Doing the Right thing...

As the dust settles on the Great Experiment, and it seems that the Conservatives may have conceded too much in return for LibDem collaboration, the right end of the Conservative Party may well contemplate the  idea that it might "de-coalesce" and re-absorb the UKIP. There are probably  around 50-100 tory MPs who might now be working out how to assess how much support they could muster in the country for The Real Conservative Party.

By allowing Scotland and Wales further independence in return for them losing most of their Westminster MPs, and introducing a PR voting system, the prospects would be much more tempting for minor parties to "have a go". Any number of the factions within existing main parties might pluck up the courage to "go it alone". Five years is long enough for quite few experiments to test ideas on the voting public before the crunch reality of a general election rolled up again.

The Tory Way Forward group was pushing for a minority government that would almost certainly have exposed the LibDems as being duplicitous, irresponsible and generally unsuited to government - although at this moment, it seems likely that Dave is going to find some of his own party are going to be more awkward to manage then the "can't believe their luck" LibDems!
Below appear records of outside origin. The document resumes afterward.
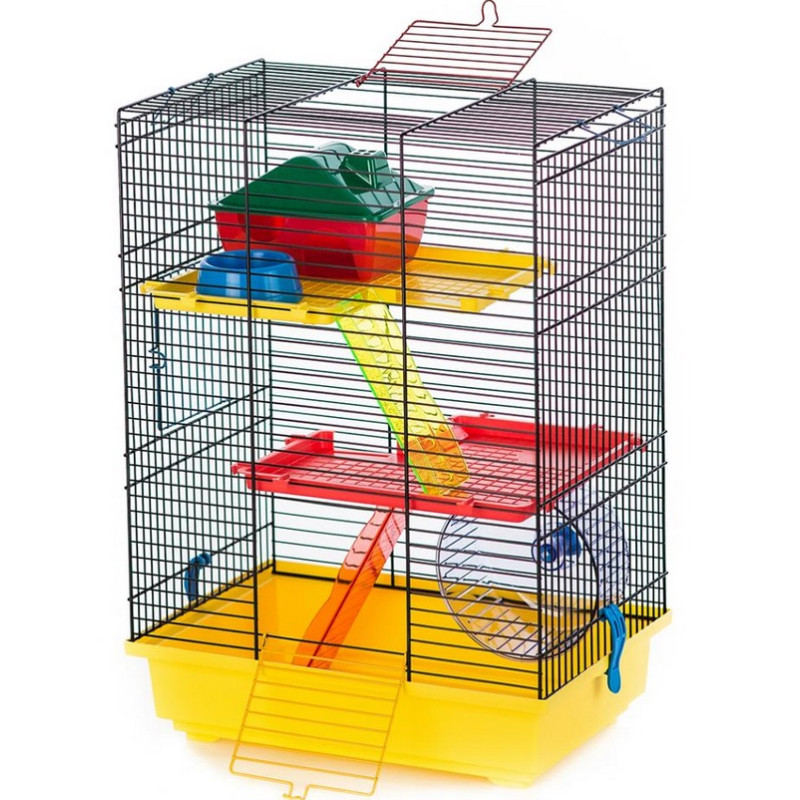 Duvo Plus Teddy 2, 36*24*50cm - būris sīkiem grauzējiem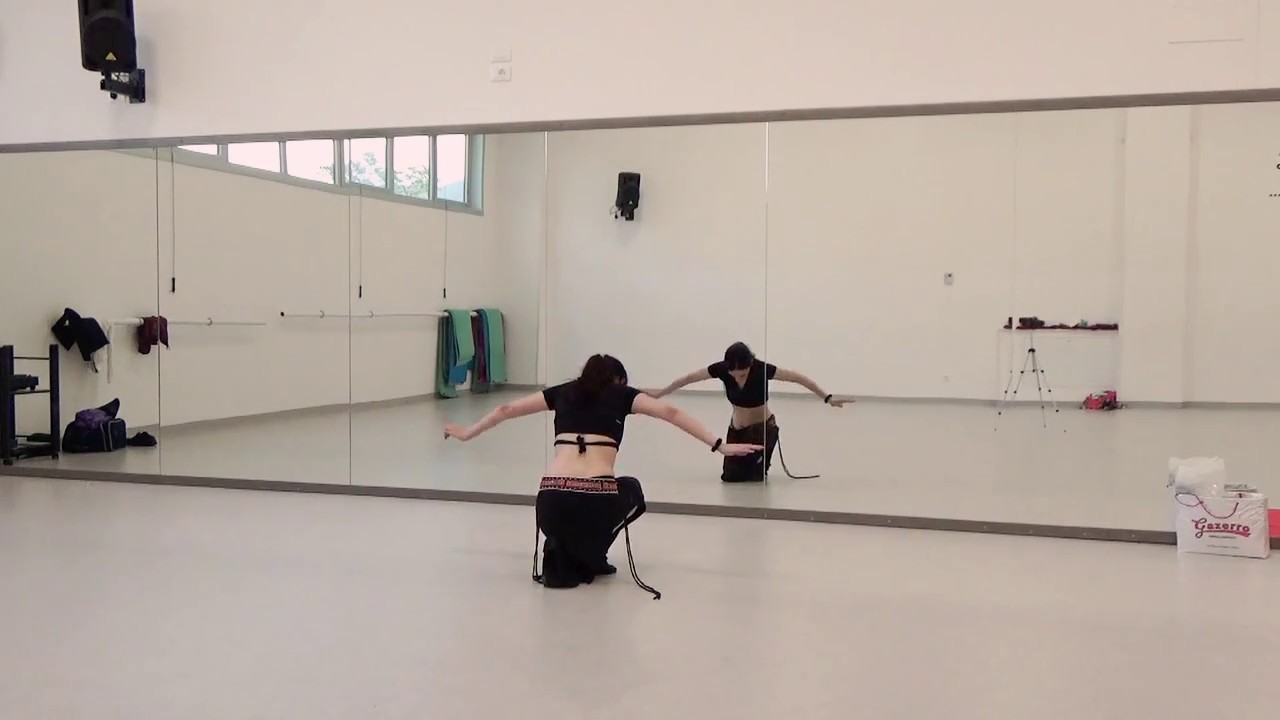 Tribal Fusion Bellydance combination - Danza del Ventre L'Aquila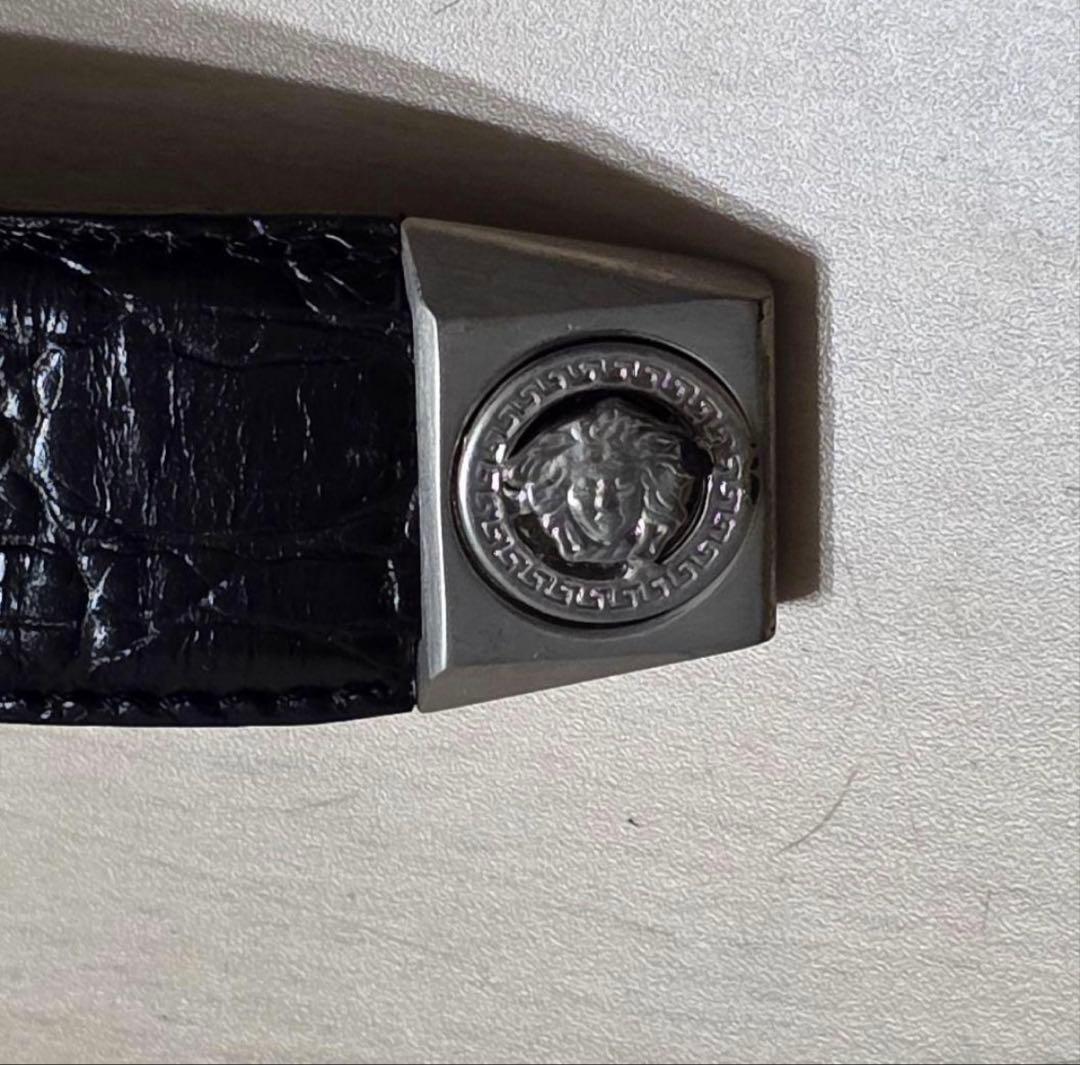 VERSACE ヴェルサーチ ４連本革ベルト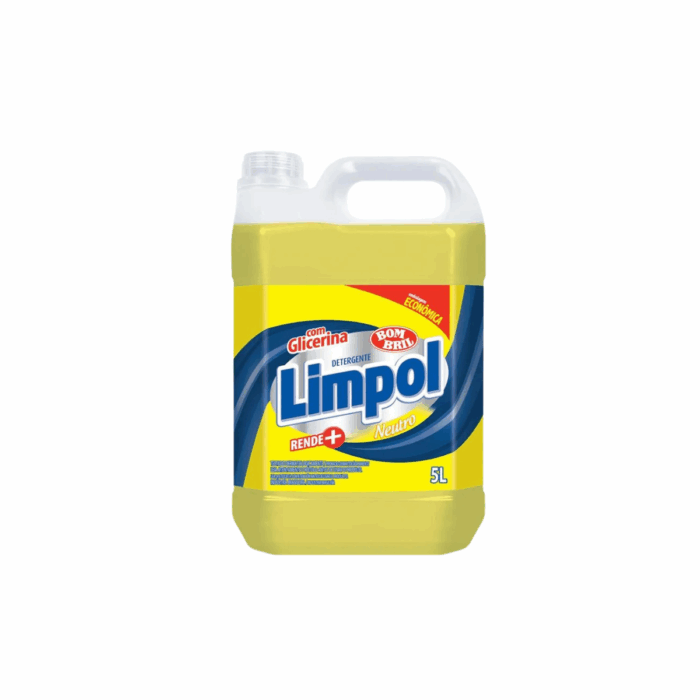 DETERGENTE LIQUÍDO NEUTRO LIMPOL 5L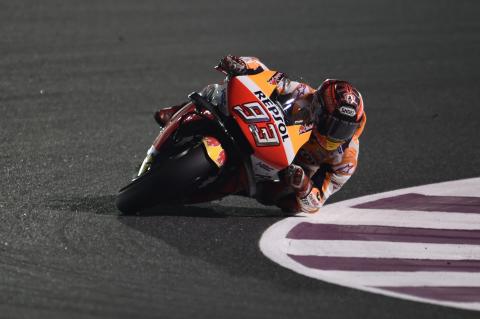 Marquez: I’m almost at 100% fitness for opener Marquez: I’m almost at 100% fitness for opener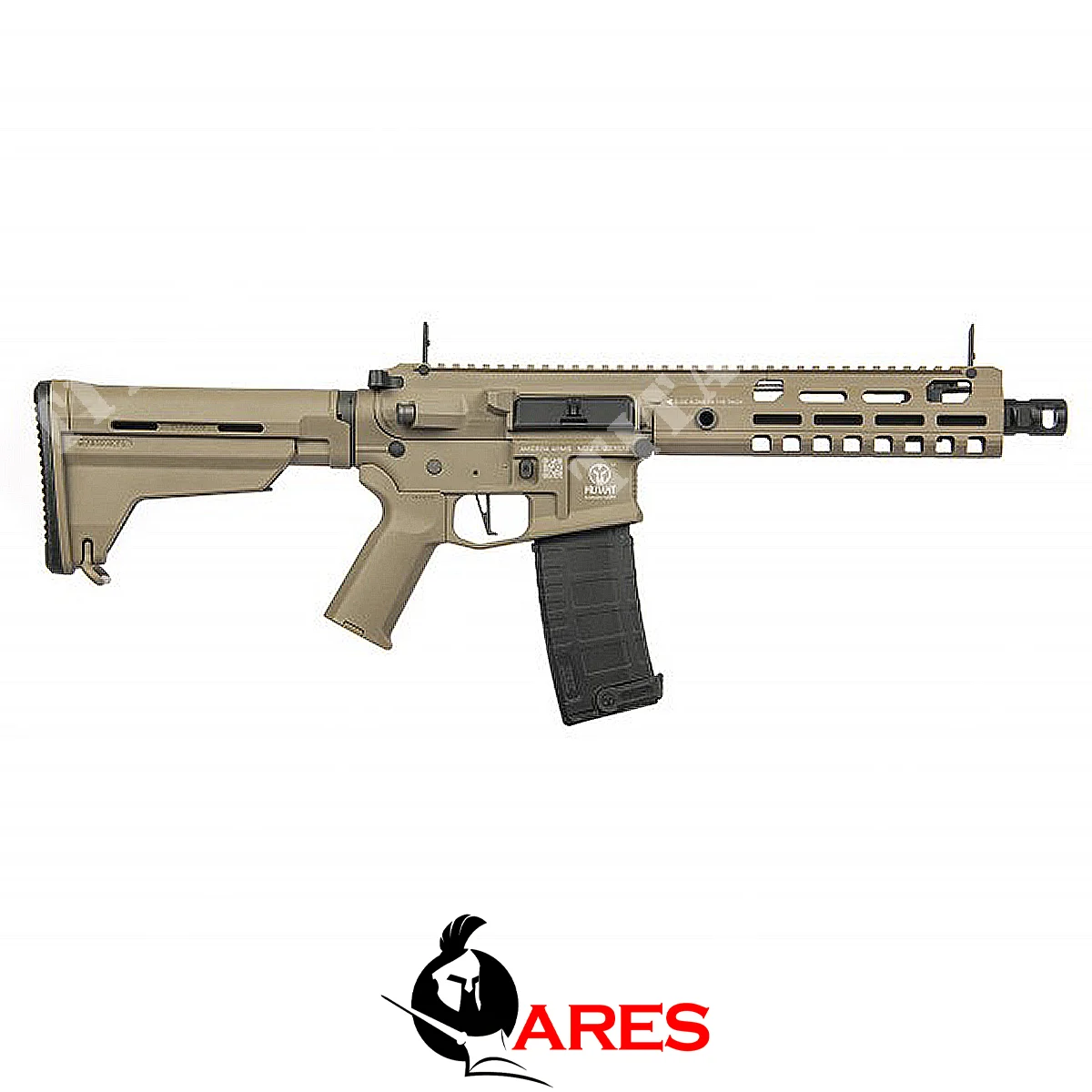 FUSIL ELECTRICO MUTANT AM-M-003 DARK EARTH ARES (AR-MUT9T)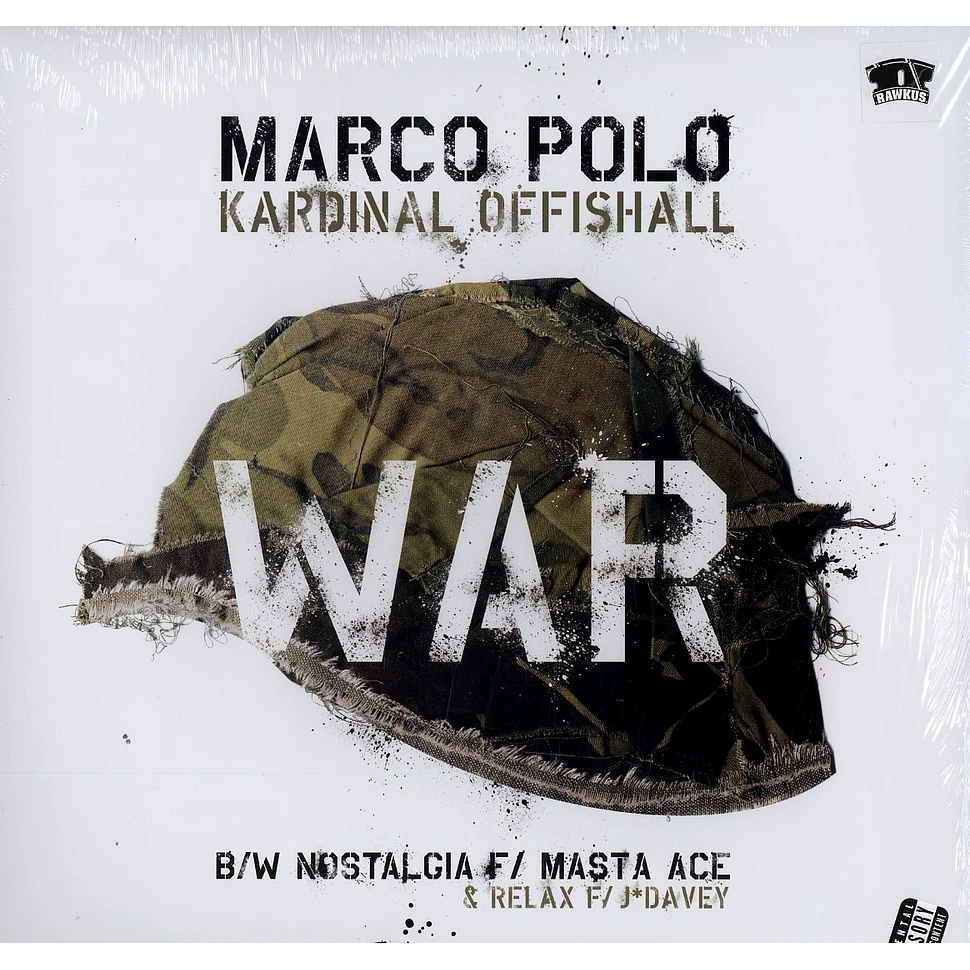 Marco Polo - War feat. Kardinal Offishall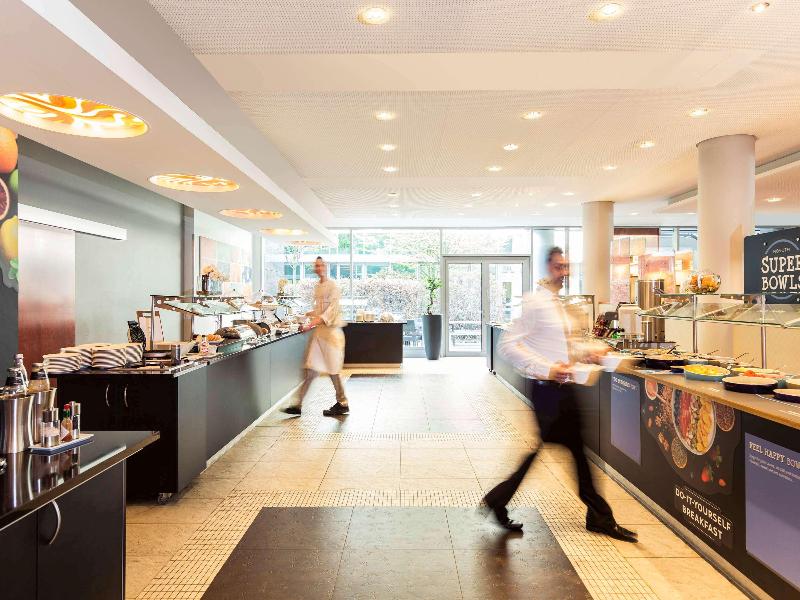 Novotel Duesseldorf City West (Seestern) - Restoran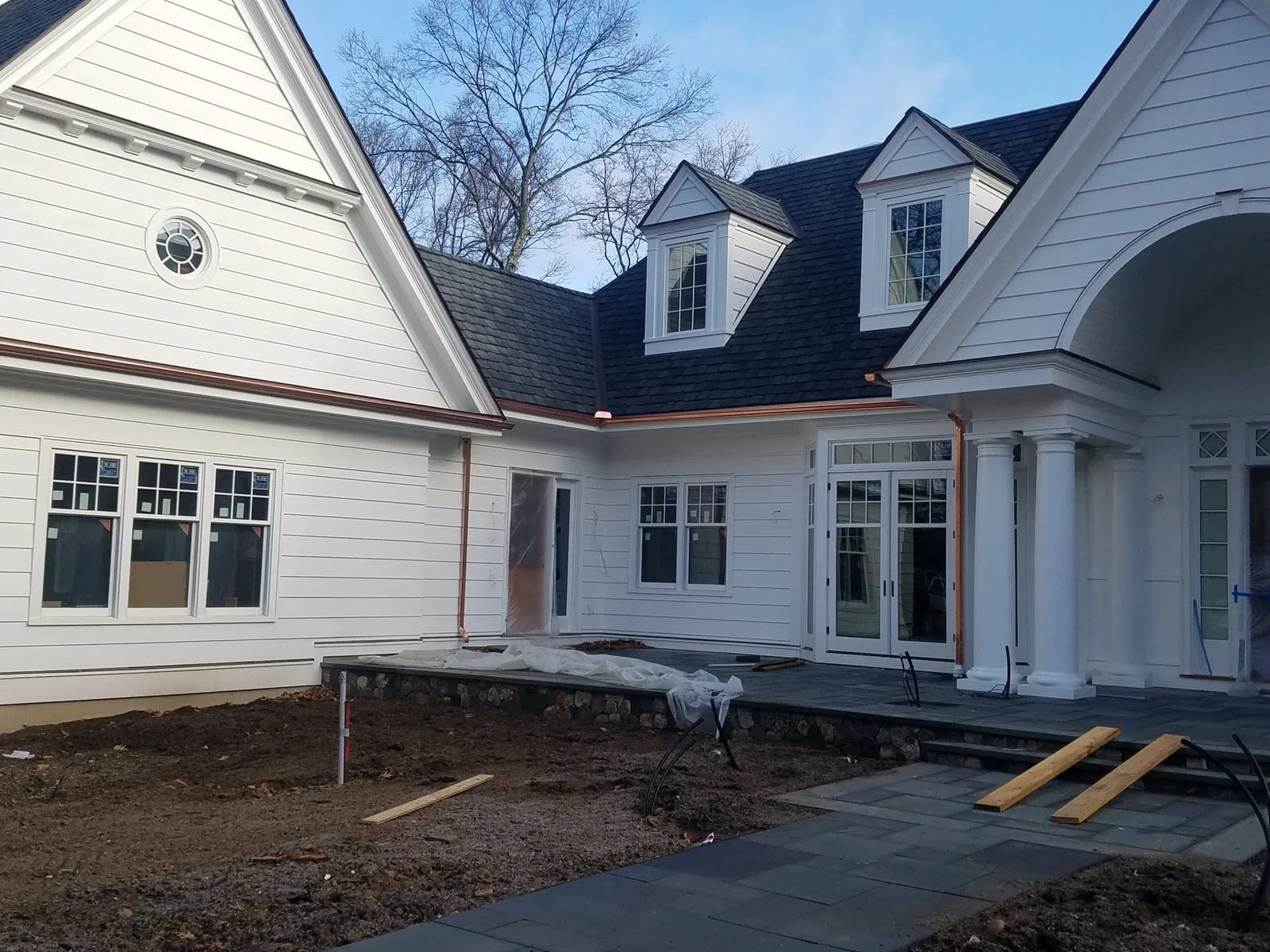 work photo from mjgutters.com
But there's always a chance that this is all part of a very cunning master plan to corner and then impale the LibDems on their own hubris and desperation for power. It obviously suits Cameron to park some election pledges that cost money we don't have - and write them off to the national interest. And having Vince along to properly spank the (still largely unrepentant) bankers is another well-poisoned chalice passed along.

There is little doubt that the country's immediate best interests are now being served by an arrangement representing well over half the votes cast. Can it deliver the huge spanking to public spending that the economic crisis requires - and survive? David Cameron is either the shrewdest operator in Westminster, or the daftest. There's not a lot of standing room in the middle ground.